UsenetAccess only provides email contact information. For questions about your account, you can contact email@example.com.
Unfortunately, this company’s logging policy is not provided on their site.
UsenetAccess accepts credit cards for payment.
UsenetAccess is an outdated service. They don’t have any unlimited subscriptions and, for most USENET providers, unlimited subscriptions are where they really add value for their customers. Unlimited subscriptions from some of our top providers come with additional benefits like web access, VPN access, included newsreaders and much more and the fact that this provider doesn’t offer unlimited access speaks to the fact that they need to update their packages. What they call block access isn’t true block access. The appeal of block access is that you buy it and forget about it until you use it up, at which time you renew or you don’t, depending upon your needs. The “block” access here auto-renews, which goes against how block access usually works.

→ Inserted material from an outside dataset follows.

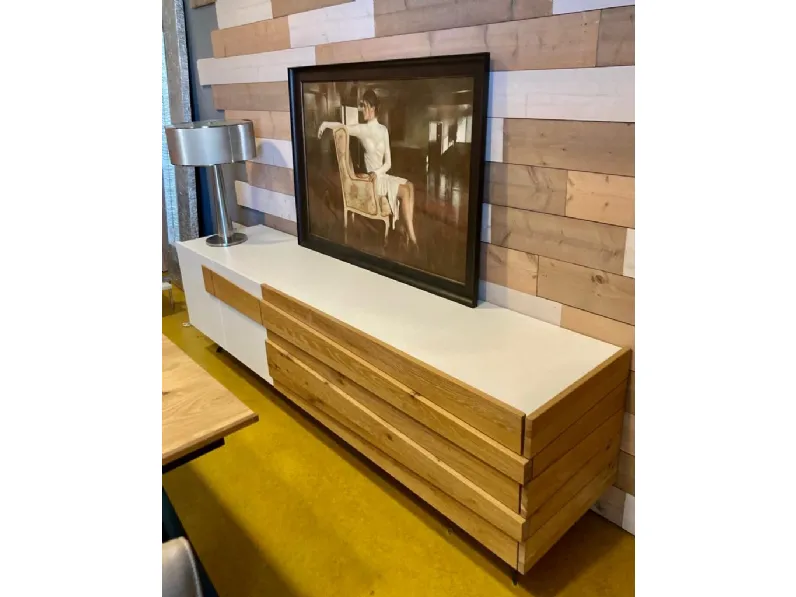 Madia di Maronese acf in laccato opaco Le scuderie in Offerta Outlet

This service’s webpage is also very dated and hard to navigate, which shouldn’t be the case. Check out our top providers and you’ll see streamlined pages with clear privacy policies, payment plan options and, in some cases, even live chat support. We don’t see any reason that you deserve less than that level of service.
We cannot recommend UsenetAccess at this time, barring some sort of massive update in their plan terms. They at least need an unlimited plan to be competitive with our top providers but, for the moment, they’re not competitive at all.